What you need to do> Below are records; copy every line among them that contains the word "venda".

□ □ □

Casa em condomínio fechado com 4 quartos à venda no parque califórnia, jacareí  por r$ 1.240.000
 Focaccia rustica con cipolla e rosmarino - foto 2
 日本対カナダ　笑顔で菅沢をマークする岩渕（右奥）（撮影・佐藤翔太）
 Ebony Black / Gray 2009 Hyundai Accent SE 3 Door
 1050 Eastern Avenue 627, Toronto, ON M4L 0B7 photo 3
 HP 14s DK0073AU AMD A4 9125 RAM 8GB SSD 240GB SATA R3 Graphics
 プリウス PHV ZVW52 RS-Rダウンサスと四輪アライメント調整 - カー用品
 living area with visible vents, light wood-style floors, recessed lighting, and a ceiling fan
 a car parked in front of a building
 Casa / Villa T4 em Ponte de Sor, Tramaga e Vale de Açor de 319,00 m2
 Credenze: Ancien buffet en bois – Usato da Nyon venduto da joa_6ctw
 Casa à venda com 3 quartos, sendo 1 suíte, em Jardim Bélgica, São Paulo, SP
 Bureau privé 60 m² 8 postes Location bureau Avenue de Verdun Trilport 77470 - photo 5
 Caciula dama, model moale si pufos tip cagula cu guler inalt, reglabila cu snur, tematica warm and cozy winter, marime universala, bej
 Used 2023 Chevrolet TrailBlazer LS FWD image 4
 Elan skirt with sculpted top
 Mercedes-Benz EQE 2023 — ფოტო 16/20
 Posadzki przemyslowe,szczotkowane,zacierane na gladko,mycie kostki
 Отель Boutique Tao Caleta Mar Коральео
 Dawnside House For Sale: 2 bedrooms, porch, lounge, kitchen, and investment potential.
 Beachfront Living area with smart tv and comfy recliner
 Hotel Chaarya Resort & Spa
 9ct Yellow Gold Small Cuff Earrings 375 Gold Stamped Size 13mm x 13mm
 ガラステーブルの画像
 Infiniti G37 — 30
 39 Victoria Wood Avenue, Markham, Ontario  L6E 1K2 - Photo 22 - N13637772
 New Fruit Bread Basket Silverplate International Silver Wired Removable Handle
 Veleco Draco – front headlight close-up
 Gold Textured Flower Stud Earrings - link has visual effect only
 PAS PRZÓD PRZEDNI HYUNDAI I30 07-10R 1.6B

□ □ □

Solution for this task>
Casa em condomínio fechado com 4 quartos à venda no parque califórnia, jacareí  por r$ 1.240.000
 Casa à venda com 3 quartos, sendo 1 suíte, em Jardim Bélgica, São Paulo, SP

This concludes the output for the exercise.